Many early sea walls on Portobello Rd were moved in the 1920s; new walls were built using the old style of construction and included original materials.

The Peninsula Rd board, which had wide-reaching powers and even issued dog licences, was responsible for construction and employed wallers.

The board's minutes show small contracts were often awarded to local farmers or builders until World War 2, Dunedin-based independent archaeologist Dr Jill Hamel said.

"They learned from one-another. There was no trimming of rock, unlike stonemasons who were apprenticed. It was another skill entirely.

"They would use rocks which came to hand. The ad hoc development meant the walls are incredibly variable.

"No two 100m sections were the same, really. It's modern construction which has uniformity."

Prisoners - some of them Maori political prisoners of war transported to Otago in the late 1860s during the wars in Southern Taranaki - were used to build the Anderson's Bay causeway.

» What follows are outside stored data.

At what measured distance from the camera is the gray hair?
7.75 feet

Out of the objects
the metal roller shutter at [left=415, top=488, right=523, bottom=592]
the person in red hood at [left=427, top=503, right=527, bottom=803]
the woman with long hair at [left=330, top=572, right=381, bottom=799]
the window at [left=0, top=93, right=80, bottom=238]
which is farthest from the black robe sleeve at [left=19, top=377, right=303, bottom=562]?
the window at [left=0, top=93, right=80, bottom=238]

Dunedin City Council transportation and operations projects engineer Evan Matheson said council was committed to maintaining the walls.

"Council acknowledge it's a fantastic seawall left by city forefathers, and we are keen to maintain it because of the obvious aesthetic and historic value, and as a tourist feature.

"There has been a maintenance backlog which was inherited. We've been in catch-up mode for the last five to six years but are approaching the stage where the worst sites have been attended to and now getting to preventative rather reactive work."

By March, the council will have allocated three contract packages in the past 12 months, each worth about $200,000.

"Contractors construct up to 40sq m of wall a week with a small four- to six-man team."

But repairing existing walls is not cheap; recent repairs to 100sq m of wall between Deborah Bay and Carey's Bay cost between $20,000 and $25,000.

"It is very robust, and we'd expect, with maintenance, to get 100 years-plus out of hand-built walls. The mass placed rock is not as robust, and not that much cheaper, surprisingly."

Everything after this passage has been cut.